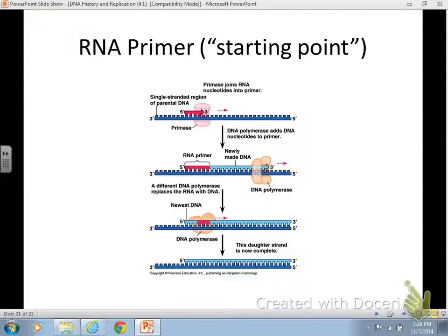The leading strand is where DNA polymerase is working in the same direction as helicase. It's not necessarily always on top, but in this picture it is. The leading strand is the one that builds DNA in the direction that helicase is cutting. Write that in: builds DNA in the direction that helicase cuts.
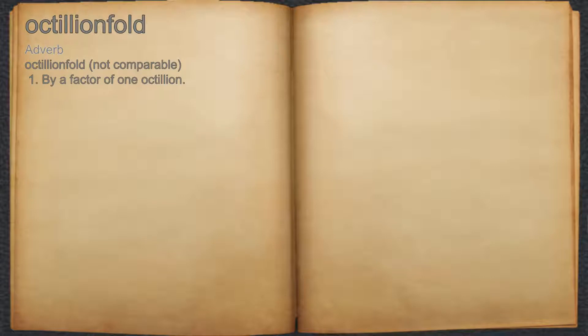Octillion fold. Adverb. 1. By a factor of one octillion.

---

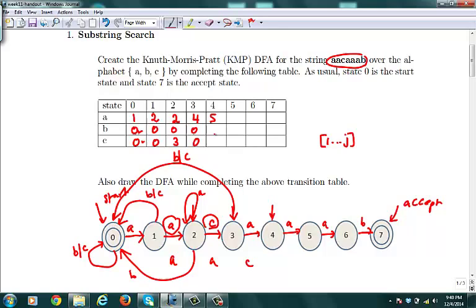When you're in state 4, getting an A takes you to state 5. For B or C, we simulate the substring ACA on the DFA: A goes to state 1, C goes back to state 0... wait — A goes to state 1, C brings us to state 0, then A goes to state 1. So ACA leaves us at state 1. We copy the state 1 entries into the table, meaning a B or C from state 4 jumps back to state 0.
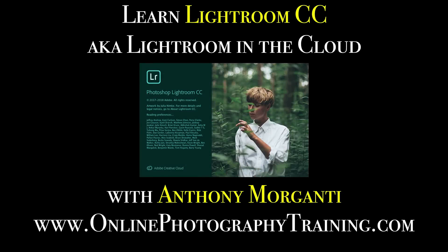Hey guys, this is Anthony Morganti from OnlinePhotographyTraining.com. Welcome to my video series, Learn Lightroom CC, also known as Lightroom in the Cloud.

---

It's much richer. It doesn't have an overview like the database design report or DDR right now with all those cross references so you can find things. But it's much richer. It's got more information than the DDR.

▶ **Work order**: Up in the listing, locate the line with "The leading strand is where"; print it and every line after it down to the line with "Octillion fold. Adverb.", which is included too. Skip the pictures.

▶ **Result below**:
The leading strand is where DNA polymerase is working in the same direction as helicase. It's not necessarily always on top, but in this picture it is. The leading strand is the one that builds DNA in the direction that helicase is cutting. Write that in: builds DNA in the direction that helicase cuts.
Octillion fold. Adverb. 1. By a factor of one octillion.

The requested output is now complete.